* [Extracted entries]:

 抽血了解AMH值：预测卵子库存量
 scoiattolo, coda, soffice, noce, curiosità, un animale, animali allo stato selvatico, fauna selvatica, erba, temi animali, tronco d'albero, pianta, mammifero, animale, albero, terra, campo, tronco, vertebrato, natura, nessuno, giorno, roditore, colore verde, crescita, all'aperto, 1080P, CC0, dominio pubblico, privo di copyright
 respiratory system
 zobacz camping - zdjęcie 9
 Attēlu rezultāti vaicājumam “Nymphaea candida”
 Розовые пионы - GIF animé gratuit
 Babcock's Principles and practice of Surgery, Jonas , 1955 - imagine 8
...
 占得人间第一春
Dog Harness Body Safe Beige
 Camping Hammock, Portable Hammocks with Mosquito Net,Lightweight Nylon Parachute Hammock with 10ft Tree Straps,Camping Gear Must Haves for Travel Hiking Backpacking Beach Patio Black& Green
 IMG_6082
---
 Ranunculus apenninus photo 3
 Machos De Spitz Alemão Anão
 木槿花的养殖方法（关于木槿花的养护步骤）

* [Instructions for the task]: Using the entries above, output exactly the lines between the line holding "scoiattolo, coda, soffice, noce, curiosità, un" and the line holding "Babcock's Principles and", end lines included, and nothing more.

* [Your solution]:
 scoiattolo, coda, soffice, noce, curiosità, un animale, animali allo stato selvatico, fauna selvatica, erba, temi animali, tronco d'albero, pianta, mammifero, animale, albero, terra, campo, tronco, vertebrato, natura, nessuno, giorno, roditore, colore verde, crescita, all'aperto, 1080P, CC0, dominio pubblico, privo di copyright
 respiratory system
 zobacz camping - zdjęcie 9
 Attēlu rezultāti vaicājumam “Nymphaea candida”
 Розовые пионы - GIF animé gratuit
 Babcock's Principles and practice of Surgery, Jonas , 1955 - imagine 8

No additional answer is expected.